The complete listing goes into the output exactly, without its pictures.

### RECORDED INFORMATION
Segment Open

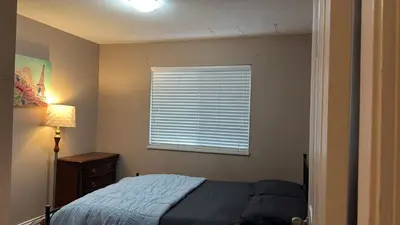 a bedroom with a bed and a window at Surrey- Delta Budget Guest House - Private Rooms & Suites, Free Parking & Fast Wi-Fi in Surrey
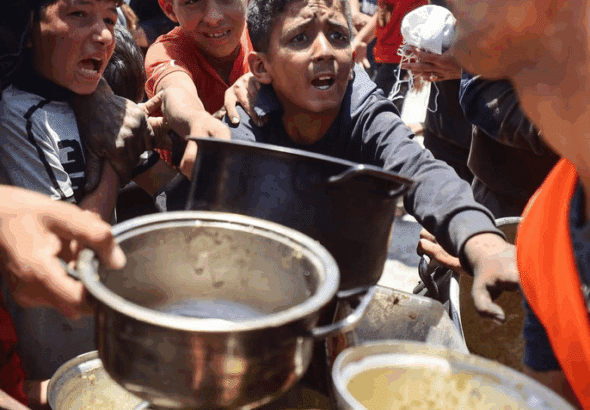 A charity kitchen at a camp for displaced people in Gaza City, May 21, 2025. Photo: Majdi Fathi/Getty Images.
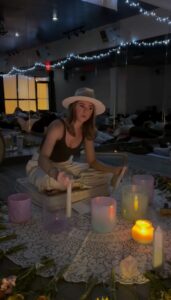 Woman in hat playing sound bowls.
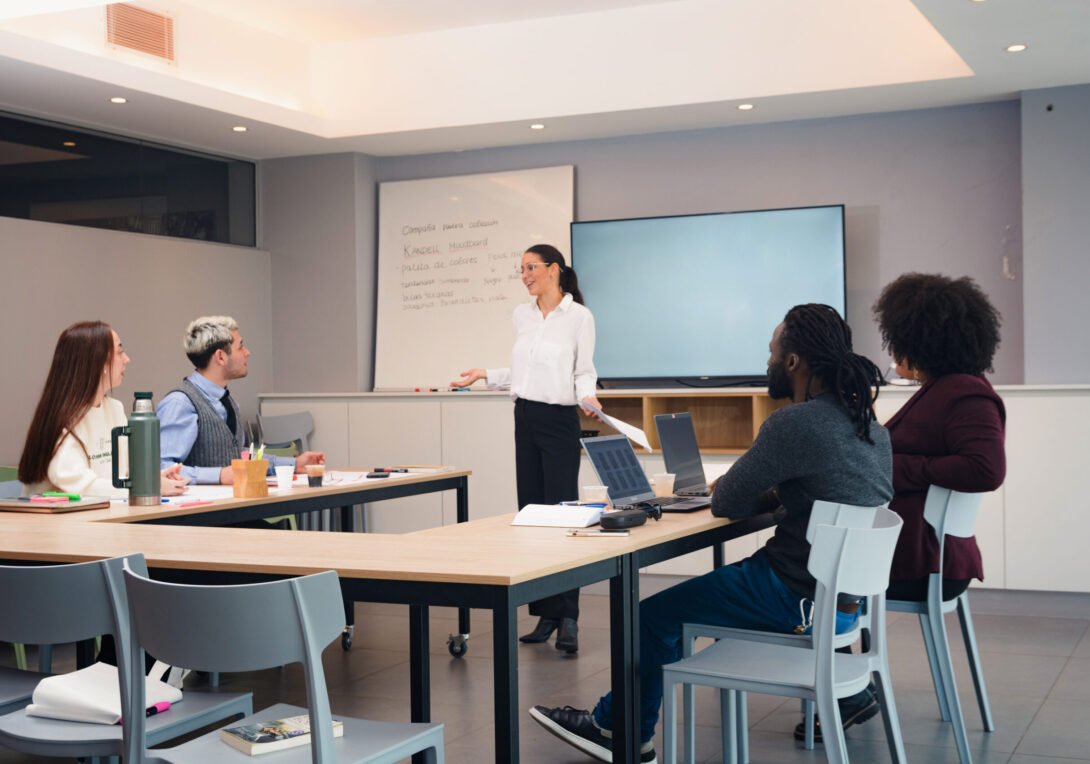 Woman standing in the middle of the room ending the meeting in the office, she has papers in her hands and is gesturing with her body while she speaks, there is a blank screen behind her.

Segment Closed

### TASK OUTPUT
 a bedroom with a bed and a window at Surrey- Delta Budget Guest House - Private Rooms & Suites, Free Parking & Fast Wi-Fi in Surrey
 A charity kitchen at a camp for displaced people in Gaza City, May 21, 2025. Photo: Majdi Fathi/Getty Images.
 Woman in hat playing sound bowls.
 Woman standing in the middle of the room ending the meeting in the office, she has papers in her hands and is gesturing with her body while she speaks, there is a blank screen behind her.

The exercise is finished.